Big players like Oracle and SAP are already offering such services to their clients in the US. As this technology ripens, we can expect smaller software houses to follow suit. Big software houses in Pakistan will also start offering these services to their users. Small to medium companies, who wish to avoid the headaches associated with organizing and maintaining specialized environments to run their applications, will find the ASP model very attractive. Just as companies are shielded from the impacts of upgrades and enhancements that ISP's are constantly making to support them, the ASP will make application system related upgrades and housekeeping transparent to the user.

While the ASP model is an evolving one even in the West, for successful implementation in the Pakistani environment, a lot of infrastructure issues will need to be addressed. The primary concern for companies will be the security aspect. How secure is the data that they transmit between their company and the ASP's server. Industry standard security protocols must be enforced in order to make the ASP model a success. The aspect of physical security of data,, which will now be residing on an 'outsiders' machine, also needs to be considered.

Looking ahead

So, what do I see for the future? The future of computing will no doubt be heavily tied to developments in, and adoption of Internet technology in business, government, education and home computing. Web-enabled handheld devices, smart phones, game consoles and set top boxes will define the future of computing. As technology evolves, so will the delivery mechanisms that are used to make them available to the end users. New business models will evolve which will change the face of how business is done today. Business transactions will follow more of a direct route, with many middlemen and intermediaries either being eliminated, or redefining their roles. Businesses will be competing for global markets, while at the same time face global competition. It is predicted that companies that aim for that ideal marketing concept of a 'market of one' will be the ultimate winners. To this end, expect to see more Customer Relationship Management (CRM) type solutions in use by companies, in an effort to better understand a customers requirements, and respond in a unique fashion to those needs.

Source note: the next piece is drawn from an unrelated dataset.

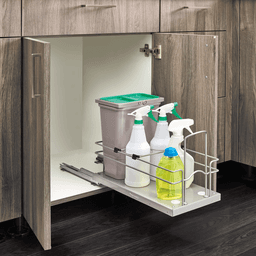 8-15/16" 1-Tier Single Cleaning Waste Container Pullout with Soft-Closing, Silver - Alt Image 1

The delivery of technology services will also evolve, over the next few years. 'Subscription computing' will become more common, as organizations seek to outsource key technology areas. It will make good business sense for small companies to use a 'bureau' for its core technology needs, rather than engage in a constant battle with ever changing technology. Open source strategies, such as the Linux approach, will force big players in the software industry, including the Microsoft's of the world, to respond with innovative strategies of their own. Recent alliances between heavy weights Microsoft and Cisco, have given a boost to the ASP model of 'rent-an-app' type service. Such alliances will ultimately give small to medium-sized companies the ability to use big applications they would not normally afford to buy.

These technologies and trends are either firmly entrenched in the West, or are well on their way to becoming de facto standards. Will they succeed in Pakistan? Will business and IT leaders in our country be able to successfully adopt and adapt them to our requirements? Do they hold the same promise and potentials for us, that the West sees in them? The answer to all these questions of course will depend on how determined our country is to embrace them and use them.